I think that's misleading on it's own and that makes this list useless. From that logic you should block every single corporate blog out there.

This looks like someone's personal list not a serious effort.

popcar2

If you'd like to search for how to fix a technical problem and want the first page of results to be articles saying "download/buy our product to fix it now!", then the list probably isn't for you.

There are quite a few company blogs I haven't blocked, mainly ones that are actually informative and aren't trying to trick you into looking at their products.

Llamamoe

> From that logic you should block every single corporate blog out there.

I considered this previously.
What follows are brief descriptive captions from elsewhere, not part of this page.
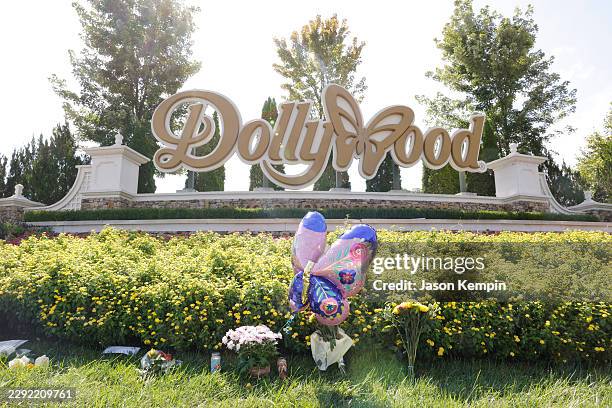 Flowers, balloons and candles are seen placed at the entrance of Dollywood on August 26, 2026 in Pigeon Forge, Tennessee. Parton passed away on...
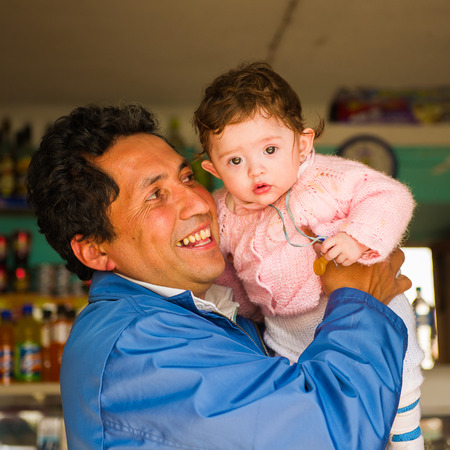 PERU - NOVEMBER 3, 2010: Unidentified happy father shop owner holds his baby boy in his hands in Peru, Nov 3, 2010. Over 50 per cent of people in Peru live below the the poverty line.のeditorial素材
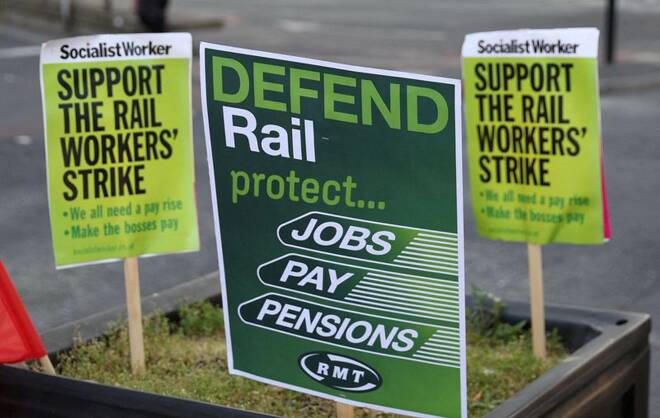 Placards are seen near a union picket line on the first day of a national rail strike at Manchester Piccadilly Station in Manchester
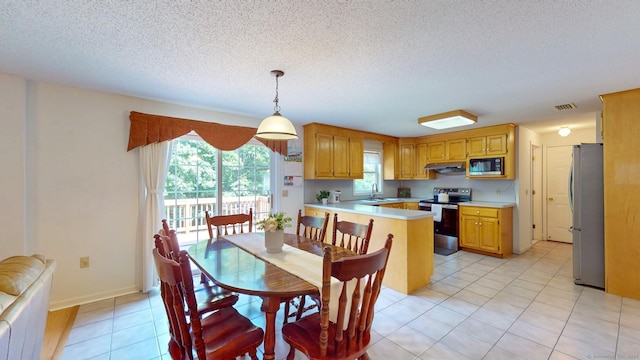 26 Reno Dr, Middletown, CT 06457 - dining room with a textured ceiling and light tile patterned flooring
I feel like the web would be a vastly improved experience if you just blocked everything affiliated with a corporation as opposed to a university, nonprofit, or a personal site.

Timwi

> you should block every single corporate blog out there.

That is indeed something I'd want.

> This looks like someone's personal list not a serious effort.

It is the OP’s personal list and they were completely open about that.

HackerThemAll

> This looks like someone's personal list not a serious effort.

This has just started. Instead of whining, contribute, the more people contribute, the more "serious effort" it will become.

Kuinox

And Kaspersky ?

jwx48

Because corporate blogs are predominantly nothing but marketing fluff that dominates search results so thoroughly that they drown out any actual useful information.

MortyWaves

Who’s going to be the first to make the PR for Medium and “dev.to”?

CamperBob2

Why Medium?

bluetidepro

Likely because the annoying paywall to most of Medium.

nayuki

Related: Freya Holmér - "Generative AI is a Parasitic Cancer" https://www.youtube.com/watch?v=-opBifFfsMY (1h19m54s) [2025-01-02].

She talks at length about how pages of AI-generated nonsense text are cluttering search results on Google and all other search engines.

huesatbri

She really put my thoughts into words regarding this. The “who is this for” part really hit home.